Parmi les autres profils récurrents, M. Lopez cite l'"impulsif", colérique, imprévisible et donc difficile à détecter. Il "regrette généralement son geste ensuite".

Puis le "psychopathe", "lui aussi maltraité", "froid", "rétif à l'autorité" et "sans remords", qui veut avant tout "avoir le pouvoir". Il "a toujours raison" et "se sent victime". Et enfin, "le grand paranoïaque délirant", un "fou" qui tue "parce qu'il pense que sa femme le trompe" et "ne regrette pas" parce qu'il se sent "dans son bon droit, bafoué".

Nabile, 41 ans, qui a tué Christelle à Perpignan en juillet, était "un époux extrêmement jaloux, avec des traits parano, prêtant des aventures à son épouse", dira l'enquête. Son avocat préfère lui parler de "crime passionnel".

Un après-midi de mars près de Tours, Caroline est arrivée avec des amies dans une guinguette où se trouvait son ex compagnon, qui y a ses habitudes. Il ne l'a pas supporté et l'a poignardée sur le parking. Une "personnalité impulsive et rancunière avec tendance à se persuader de sa persécution par la victime", diront les expertises de cet homme de 67 ans, inconnu de la justice.

- "Dispute" -

Le facteur culturel joue également, notamment la domination masculine, toujours intériorisée par une partie des hommes, soulignent les psychiatres. Pour ceux-là, "c'est l'homme le chef" et "si ta femme te trompe t'es pas un homme", note M. Lopez.

Karine Lejeune, colonelle en gendarmerie, souligne que les hommes qu'elle a vu passer en garde à vue pour violences conjugales partagent la même vision stéréotypée de la place de la femme dans le couple. Et qu'une partie des féminicides sont le fruit d'une "escalade" de violences habituelles.

Un soir de juillet près d'Angers, le mari de Coralie, 33 ans, la frappe à coups de latte de lit et de matraque télescopique. Le lendemain il appelle les secours car elle est inconsciente.
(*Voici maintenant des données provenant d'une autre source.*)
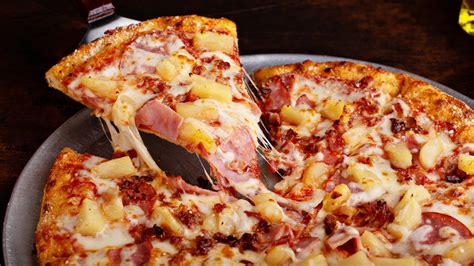 You've Heard Of Pineapple On Pizza, But What About Pizza On Pineapple?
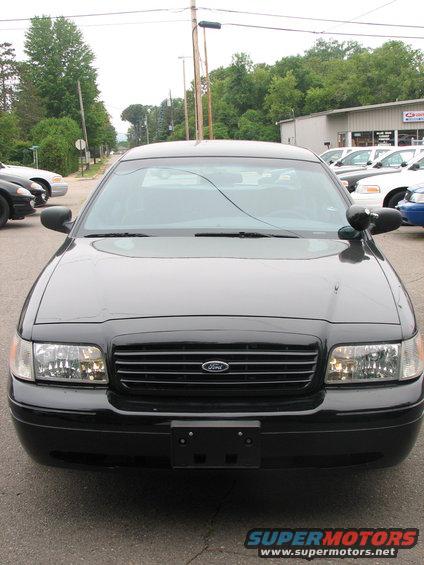 Black 2000 Ford Crown Victoria front view, parked on asphalt, with a cracked windshield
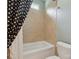 Cozy bathroom featuring a tiled shower and a classic black and white polka dot shower curtain at 237 Garvin Rd, McConnells, SC 29726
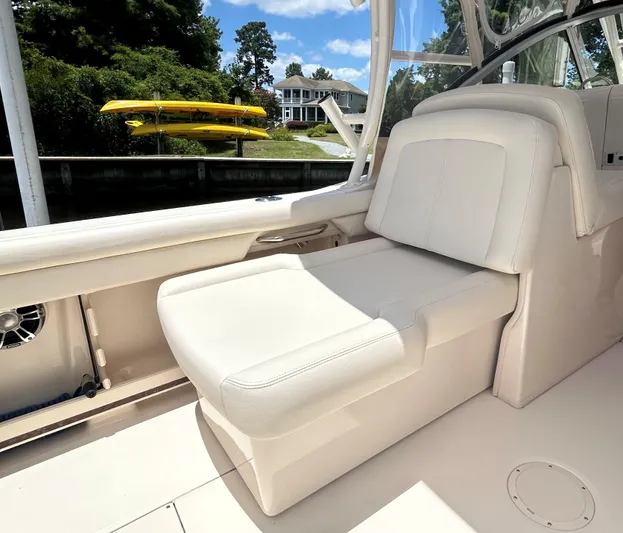  Yacht Photos Pics 2022 Grady-White 255 FREEDOM boat interior with white seating, docked near a house.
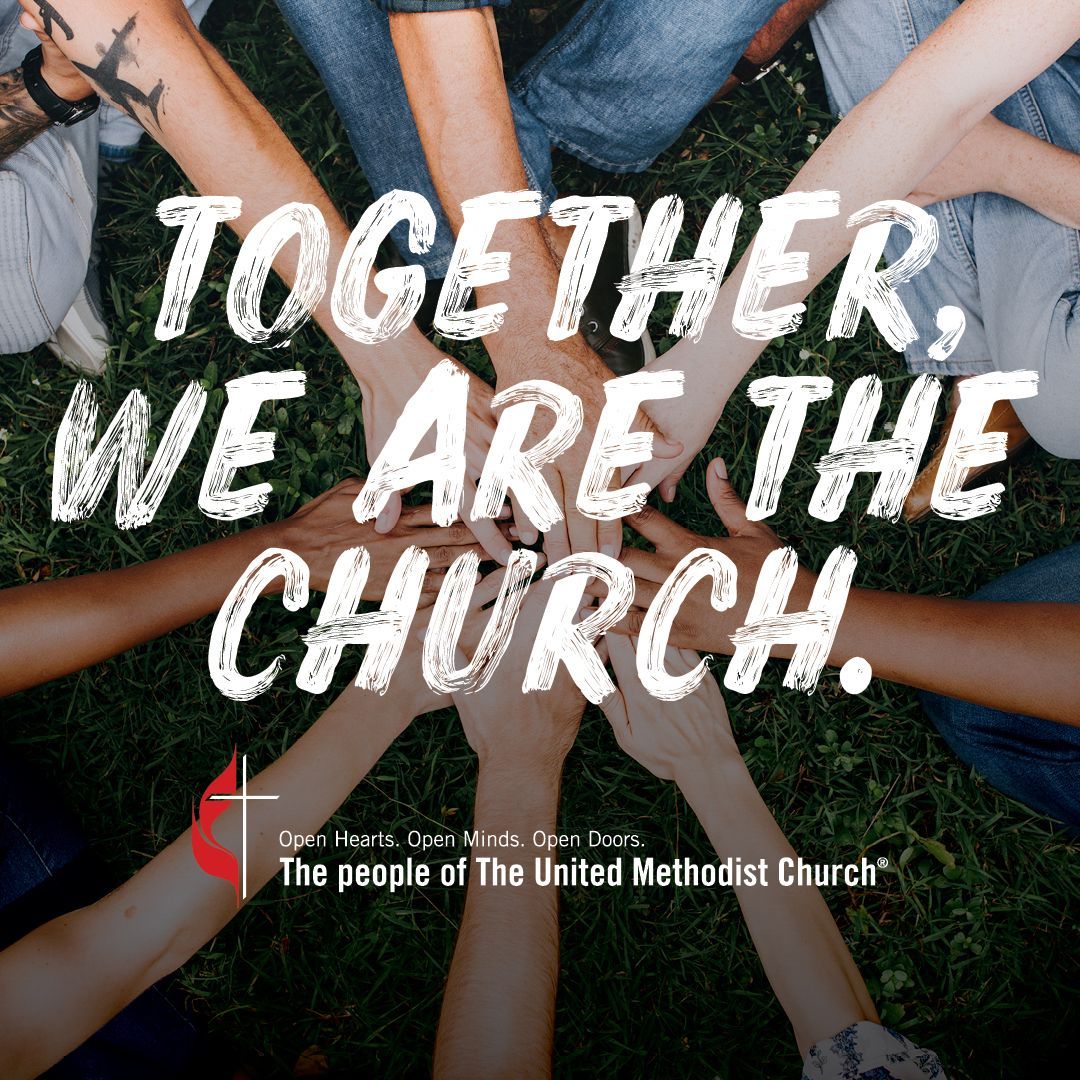 A group of people putting their hands together with the words together we are the church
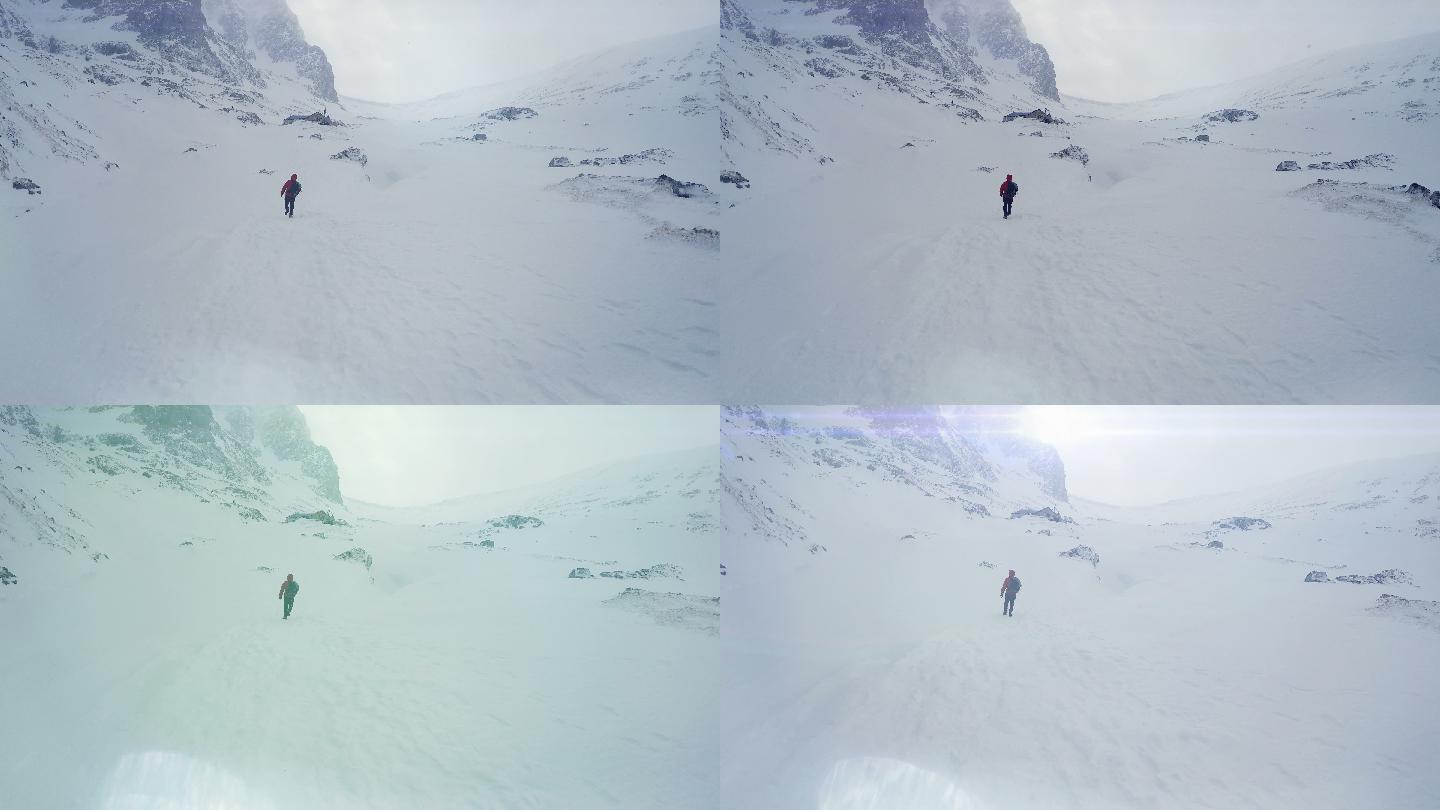 男子徒步穿越积雪覆盖的山谷，前往顶峰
Devant les secours qui la trouvent couverte d'ecchymoses il évoquera une "dispute". Il a été mis en examen pour coups mortels aggravés.

Roland Coutanceau, psychiatre qui a soigné des auteurs, souligne l'importance des "signaux clignotants" qui peuvent annoncer un meurtre, comme le harcèlement de plus en plus poussé.

Près de Tours, Stéphanie avait déposé plusieurs mains courantes contre Jean-Michel, agent de maintenance SNCF de 40 ans, après leur séparation. Elle disait avoir "l'impression d'être suivie": il avait piraté ses boîtes mail, la suivait et avait emménagé dans la même résidence qu'elle, où il a fini par l'égorger fin mars.

Autre "clignotant" pour M. Coutanceau, le non respect des décisions de justice. En avril près de Draguignan, Anthony, infirmier, est venu abattre Dalila, alors que son contrôle judiciaire lui interdisait de rentrer en contact avec elle.

Dans 40% des cas, les auteurs se suicident ou font une tentative de suicide. M. Lopez y voit la confirmation de la carence narcissique. "L'auteur pense: +Sans elle je ne suis plus rien. Je me tue ou je la tue, ça revient au même, tout s'écroule+".

Mais il y a aussi ceux "qui ne sont pas capables de supporter ce qu'ils ont fait et pour qui c'est un moyen d'échapper à leurs responsabilités", souligne la colonelle Lejeune.